I cinque sarebbero tutti tifosi della Lazio e apparterrebbero a gruppi della Destra più estrema. Durante l'assalto al pub i facinorosi si nascosero con maschere bianche sul volto, danneggiarono il locale e insultarono i presenti. Ci furono alcuni feriti e uno degli aggressori fu ricoverato in ospedale. Gli investigatori hanno scavato tra le sue conoscenze e analizzato a fondo il suo traffico telefonico. Alla fine sono stati individuati nomi e volti.
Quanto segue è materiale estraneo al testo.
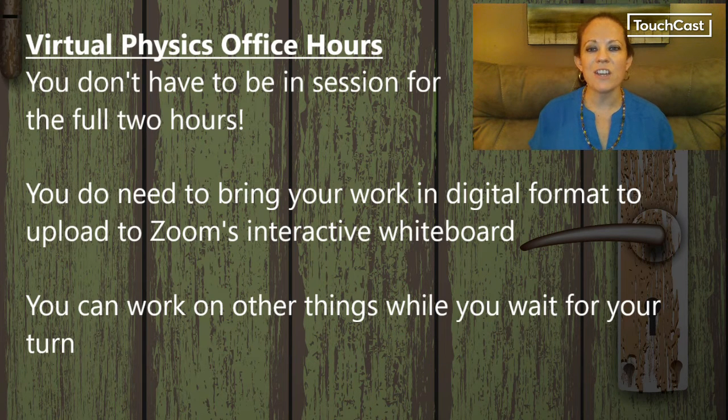When you come to the Zoom meeting, you don't have to be in session for the full two hours. You do, however, need to bring your work, your assignment, or your class notes in digital format to upload to Zoom's interactive whiteboard. It's okay for you to work on other things while you wait for your turn. This isn't like a class where you need to be attentive the whole time.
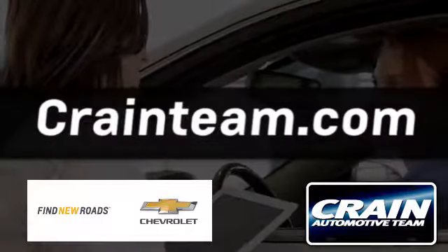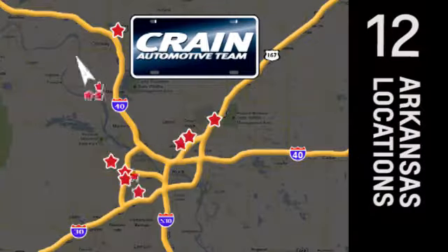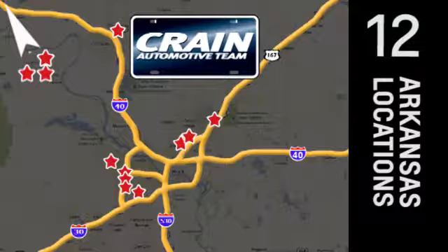Visit us anytime at craneteam.com. Go, go, go — the Crane Team's got them! Craneteam.com.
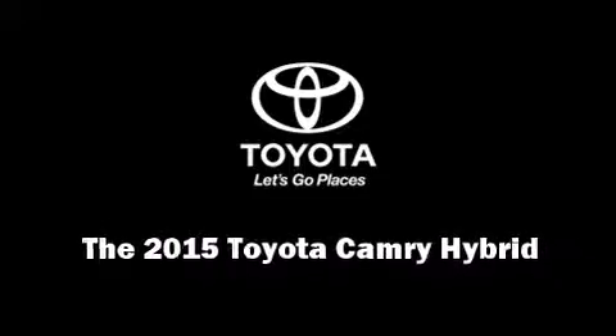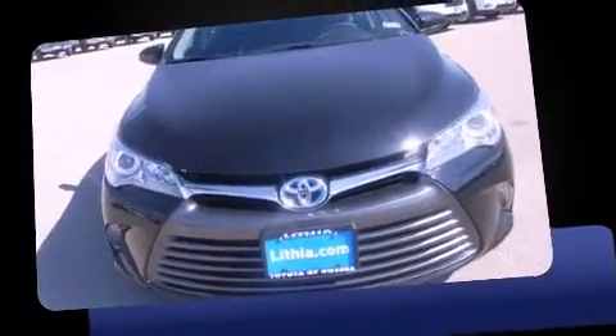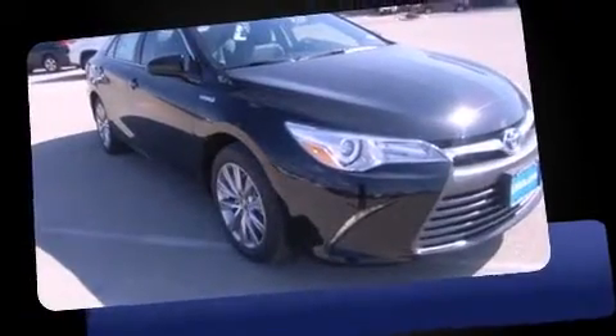Outstanding design defines the 2015 Toyota Camry Hybrid. This four-door, five-passenger sedan is waiting for you to take home.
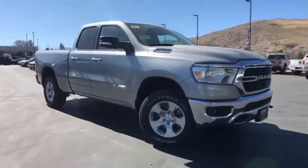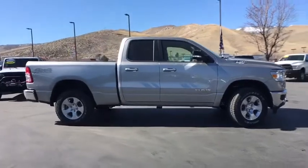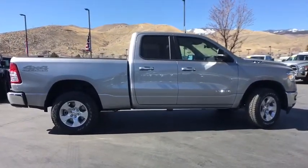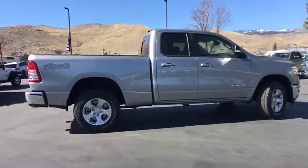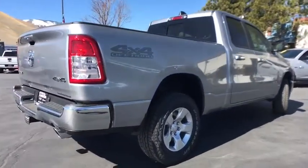Looking for the right vehicle? Check out the 2020 Ram 1500. Ram 1500 went against the Chevrolet Silverado, Ford F-150, and Toyota Tundra, which are all excellent trucks in their own right. The Ram took home the prize for its well-rounded strengths.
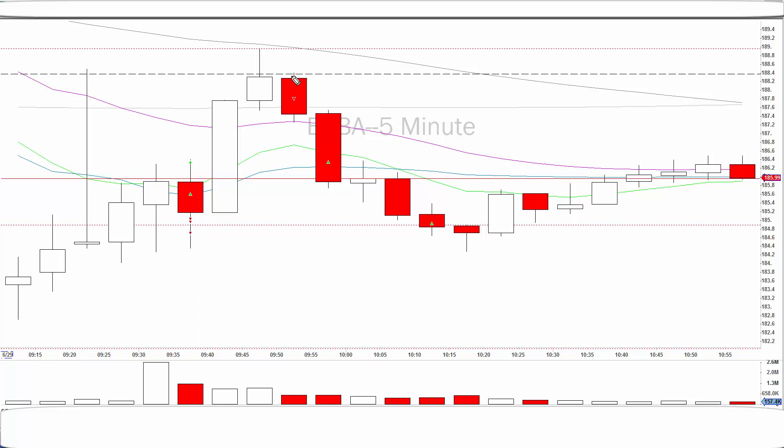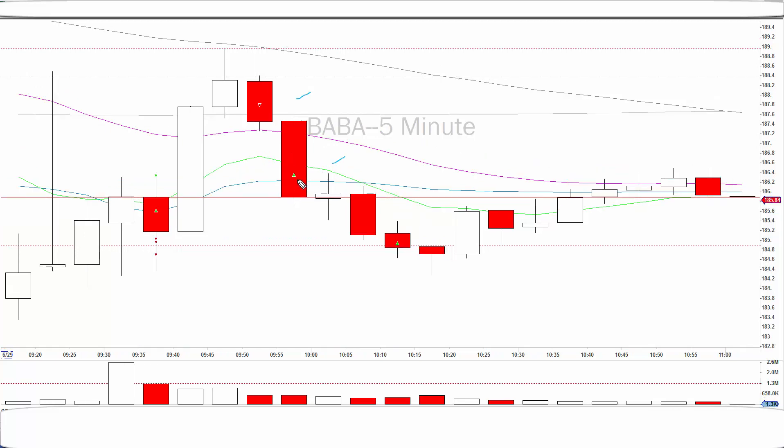Then I saw the stock coming down and this was one of the levels that I had. So this was a good risk-to-reward because I thought the stock would come down to this level. I shorted the stock here, then covered at VWAP here, and then again waited and covered here. Just three trades and that was a good trade in Baba.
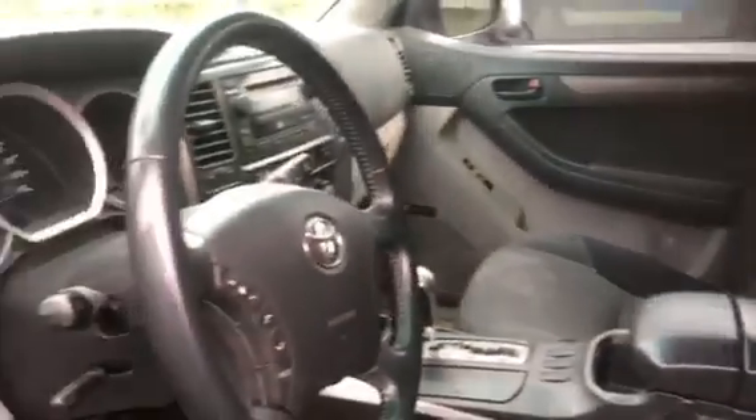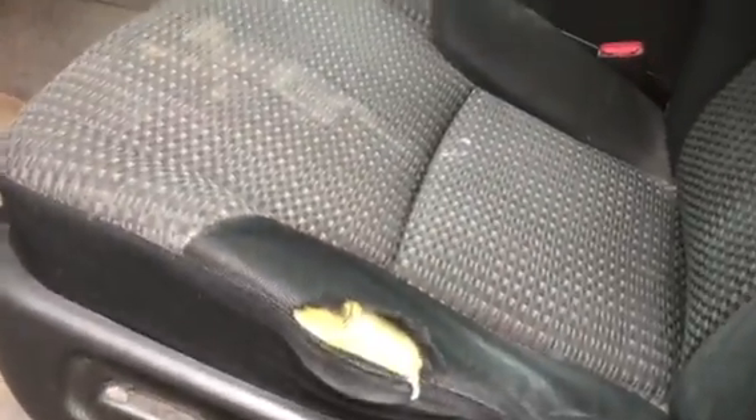The interior — like I said, we've got to get it cleaned up, detailed, and vacuumed — but all in all it's not too bad. The only thing I see in the interior besides needing a cleaning and shampoo is one little minor rip right here in the seat, but other than that it's actually pretty nice.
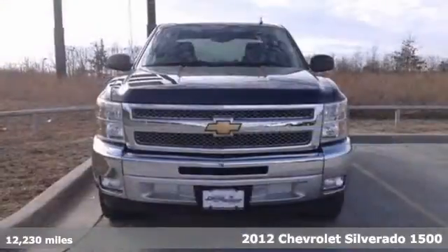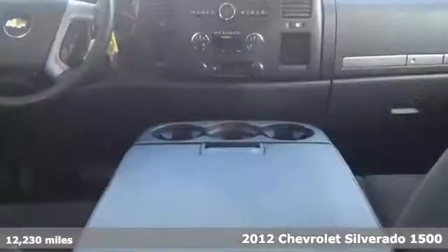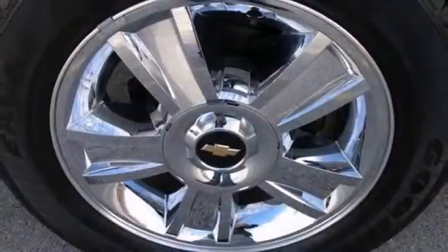Don't miss your opportunity at purchasing this rock-solid 2012 Chevrolet Silverado 1500. Certified vehicle with a clean Carfax report. Dual zone, automatic climate control, electronic stability control, and keyless entry.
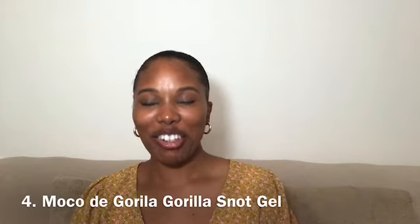The next item on my list is Moco de Gorila Gorilla Snot Gel — this is what the packaging looks like. I love this for when I have my protective styles in, such as a headband wig or box braids, and I need to lay down my edges. It says: 'Now you can create any hairstyle you can imagine with Gorilla Snot Gel Indestructible Punk. Due to its long-lasting hold effect, you'll be able to show off your hairdo all day long, withstanding all weather conditions.'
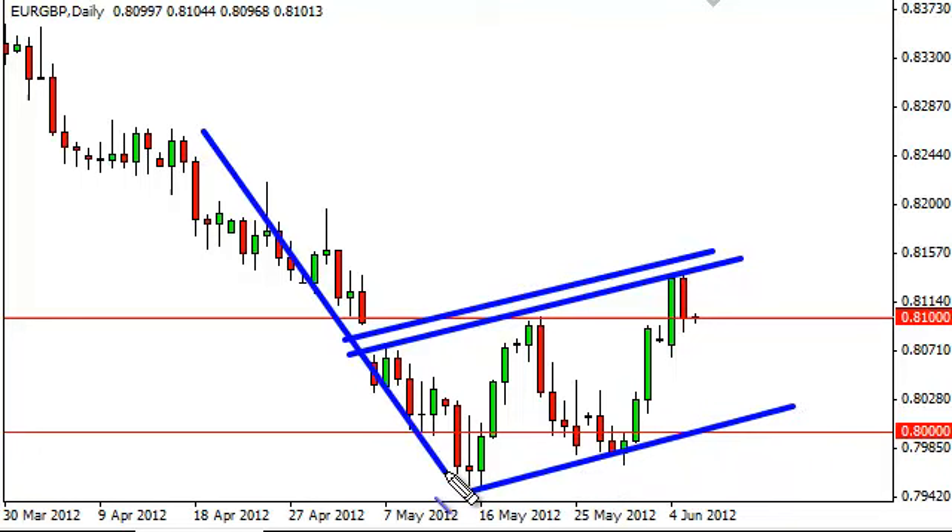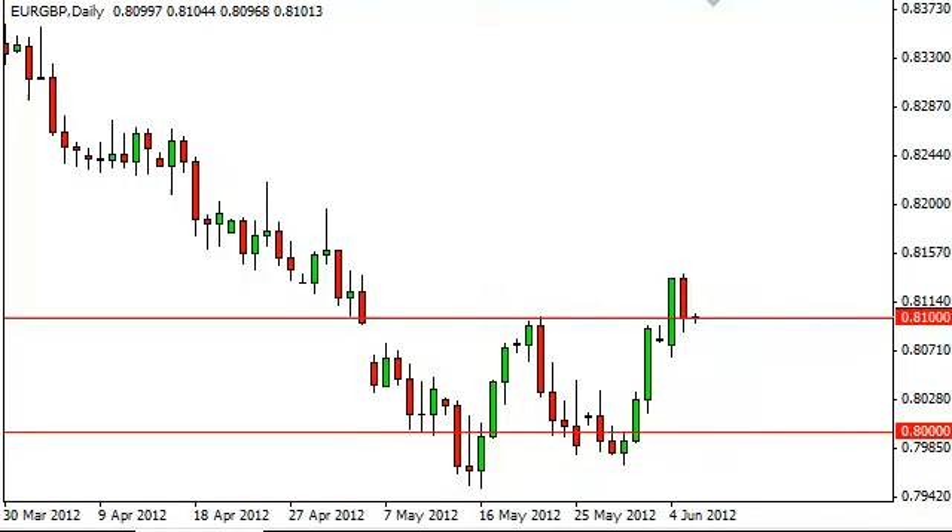In fact, there is also the possibility of a flag — a bit of a stretch at that point, but these are possibilities you have to be aware of. As far as we're concerned, a break above the daily high would take any possibility of this flag off the table and have us going long.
Tre degli arrestati hanno ricevuto l’ordinanza di custodia cautelare in cella: erano già a Rebibbia in seguito all’operazione principale contro tifo e violenza di acluni giorni fa. Si tratta di Andrea Attilia detto “Il Bulgaro”, 23 anni, della Borgata Finocchio, di Marco Turchetti, 21, del Tuscolano e di Francesco Ceci, 32, soprannominato “Er nano”, di Colli Aniene. Il quarto giovane finito in carcere e Matteo Costacurta, 25 anni, dell’Olgiata, nomignolo “Lo Sciacallo”, rintracciato a Milano.
Al quinto ultrà, C.G., 30, ricoverato dopo l’attacco al pub di San Lorenzo, sono stati concessi gli arresti domiciliari. I cinque, secondo i pubblici ministeri titolari dell’inchiesta, dovranno rispondere di tre reati: rapina, lesioni e danneggiamento. La posizione di Attilia, Ceci e Turchetti è molto delicata: Ai tre, per l’attacco alle caserme dell'11 novembre, era già stata contestata anche l’aggravante di terrorismo.